Changing. colorful lights line the ceiling of passageways in Memphis.
Through trial and error, we made it to Residence Inn. I rested momentarily before meeting the ACTION Team in the lobby. To me, Birmingham was quiet compared to other cities we have been to. I also was cat-called while I was walking with Kayla, and sexual harassment is pervasive everywhere. I am unsure if it happens more often in the South, because the weather is warmer and because there tends to be less education there.
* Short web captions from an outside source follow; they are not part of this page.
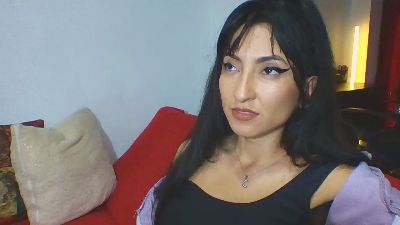 daniela_mis webcam model stream image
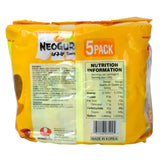 Nongshim Neoguri Seafood & Mild Ramyun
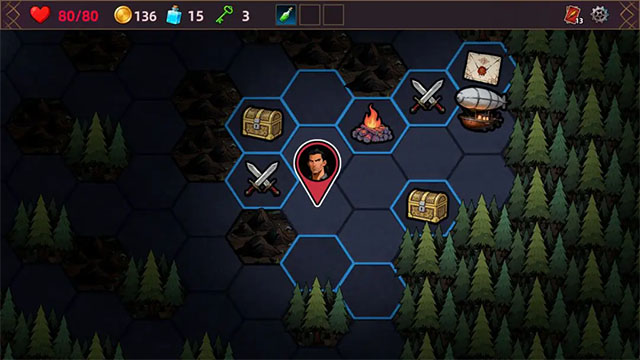 猎人酒馆手机版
6 PM – For our ACTION Team Dinner, we walked a short 10 minutes to Jim ‘n’ Nick’s BBQ (https://www.jimnnicks.com/). I did not try any BBQ here, but got a sandwich and fruit instead to try to be healthy. There, we discussed highs and lows of the trip, and what people have told us in terms of what we can improve. One ACTION Team Member brought up that several people had mentioned suggestions to them, and I got the feeling that people could not approach me to discuss issues, for whatever reason. Looking back on this experience, I would have talked more with other participants. I did get to befriend some people, but there were a handful that I did not hold full conversations with. If I was more proactive about meeting people, perhaps that would have increased group unity. Nevertheless, people seemed to enjoy the experience. People commented on how much they learned and how they were able to talk to others about their life experiences, and how the trip has helped them frame their experiences.
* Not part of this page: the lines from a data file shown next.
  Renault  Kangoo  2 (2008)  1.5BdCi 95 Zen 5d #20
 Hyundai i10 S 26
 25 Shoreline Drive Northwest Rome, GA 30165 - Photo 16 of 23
We all got slices of pie for dessert to-go. I am so proud of the work we put in to make this experience a reality. Photo credit: Julius Mayo
Sunday, March 18th, 2018 – “Back to Buckeye Country”
“The most common way people give up their power is by thinking they don’t have any.” – Alice Walker
We spent the day traveling from the South back up North. My time on the bus was spent reading, except for the times when I engaged in conversations with friends. We chatted for hours about race and ethnicity still, and it was great that even after the experience, we shared ideas and experiences and connected them with broader sociology forces and historical contexts. There was a stop in Elizabethtown, Kentucky for lunch and I tried Culver’s for the first time. We were back at OSU around 6:30-7 pm, and I was saddened to have had the experience end, but it was time to resume academics. However, I did not try any grits while down South, so I need to return sometime to do so.
Attached is a PowerPoint for readers to view!
I hope to continue engaging in experiences like this one, where it was eye-opening and enlightening. I believe I personally developed because I gained greater knowledge about American history and social justice. I found myself slowly becoming more comfortable with having discussions regarding difficult topics like racism. For 2018-2019, it is a goal of mine to plan, and participate in, at least one of MUNDO’s alternative break experiences.
We all have the power in each of us to make change. We can get discouraged, but we must never quit pursuing what we believe is right and just.